Task prompt: In the listing that follows, find the line with "You'll see a", then copy exactly from it through the line with "We then set", leaving out every picture.

Entries provided:

——

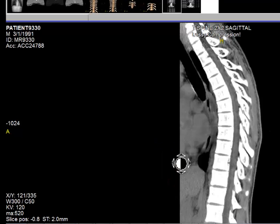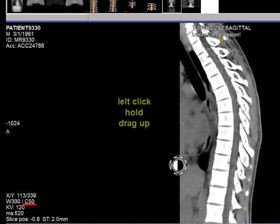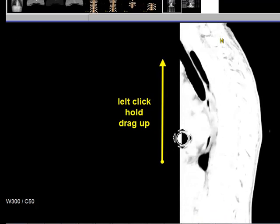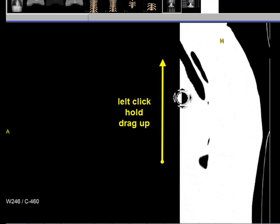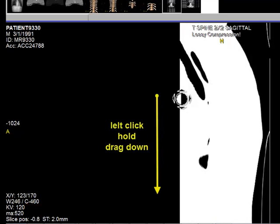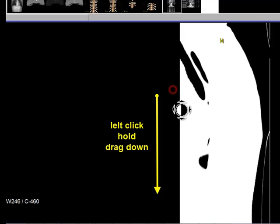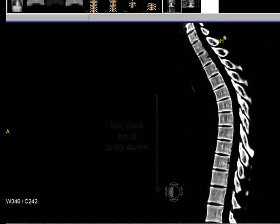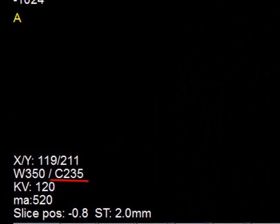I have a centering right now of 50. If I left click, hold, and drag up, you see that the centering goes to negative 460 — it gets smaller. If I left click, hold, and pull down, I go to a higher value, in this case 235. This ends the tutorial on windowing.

——

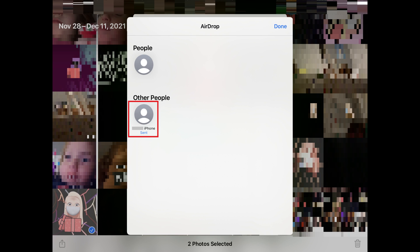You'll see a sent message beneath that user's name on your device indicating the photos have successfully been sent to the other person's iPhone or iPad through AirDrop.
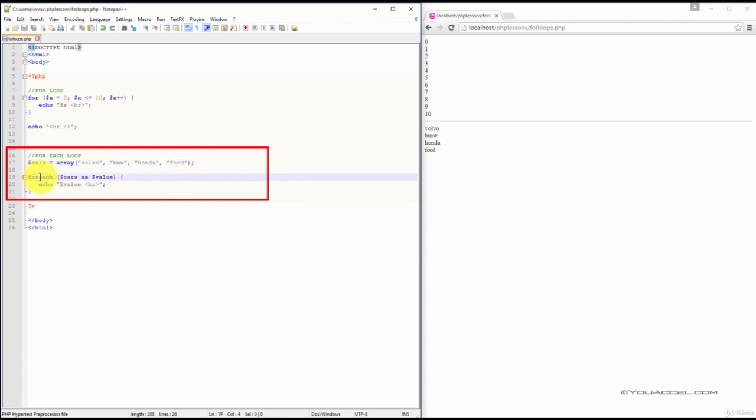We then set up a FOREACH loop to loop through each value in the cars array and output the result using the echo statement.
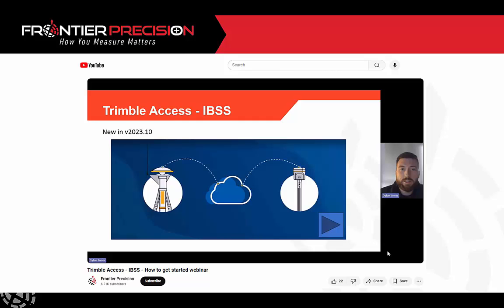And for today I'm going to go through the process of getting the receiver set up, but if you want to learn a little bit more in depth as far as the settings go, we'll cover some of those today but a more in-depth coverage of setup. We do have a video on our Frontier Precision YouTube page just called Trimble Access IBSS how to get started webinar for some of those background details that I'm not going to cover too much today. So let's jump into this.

——

Expected output:
You'll see a sent message beneath that user's name on your device indicating the photos have successfully been sent to the other person's iPhone or iPad through AirDrop.
We then set up a FOREACH loop to loop through each value in the cars array and output the result using the echo statement.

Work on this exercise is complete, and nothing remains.